She felt sick. ‘How is that?’ She trembled. ‘How am I overreacting?’

‘Because at the time what we had was casual. It was new. It was uncertain. It was all those things which are true at the beginning, and sometimes the beginning is the end.’

‘Don’t try to confuse me with your warped logic!’ she raged.

‘I am trying to tell it like it is,’ he said, with a forced patience which was unfamiliar territory to him. ‘We had made no arrangement to see one another again, had we? Remember?’

Through the mists of her pain she looked back through her memory, blindly searching for something which would make it all acceptable. The mists cleared. She had been back-to-back on a series of long-haul flights which had clashed with his trips around the globe in exactly the opposite direction.

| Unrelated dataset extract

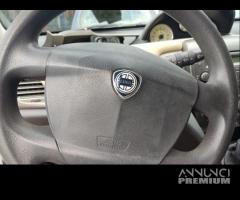 Airbag volante LANCIA YPSILON del 2004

And, yes, in theory he was right—they had not made any arrangement to see one another again.

In fact, he had told her casually to ring him, but she had not bothered. She had been in that early stage of a relationship where she was uncertain of him—not sure whether he really wanted to see her again and not wanting to pursue him because that way lay heartbreak and the loss of respect.

Lucy had recognised that for a man like Guido the chase was everything, and that once a woman started reversing the traditional role she would be doomed.

She had almost been over him when his call had come, out of the blue.

‘I thought you were going to call me!’ he had accused softly.

‘I’ve been busy,’ she’d retorted.

‘Oh, have you?’ He had laughed, and his voice had dipped into a honeyed caress. He had been trying to forget her. She had touched him in a way he was not familiar with—a way which spelt some unknown danger and not the kind he wanted to embrace. But it had not worked. He had not forgotten her at all. ‘I’ve missed you, Lucy,’ he’d murmured, and she had been lost.

Intellectually, she could see now the logic behind his reasoning—but jealousy was a different plant altogether, and it flourished and grew like a weed.

‘And how many more?’ she demanded hotly. ‘How many since?’

‘None!’ he exploded. ‘After that it was only you—you know it was!’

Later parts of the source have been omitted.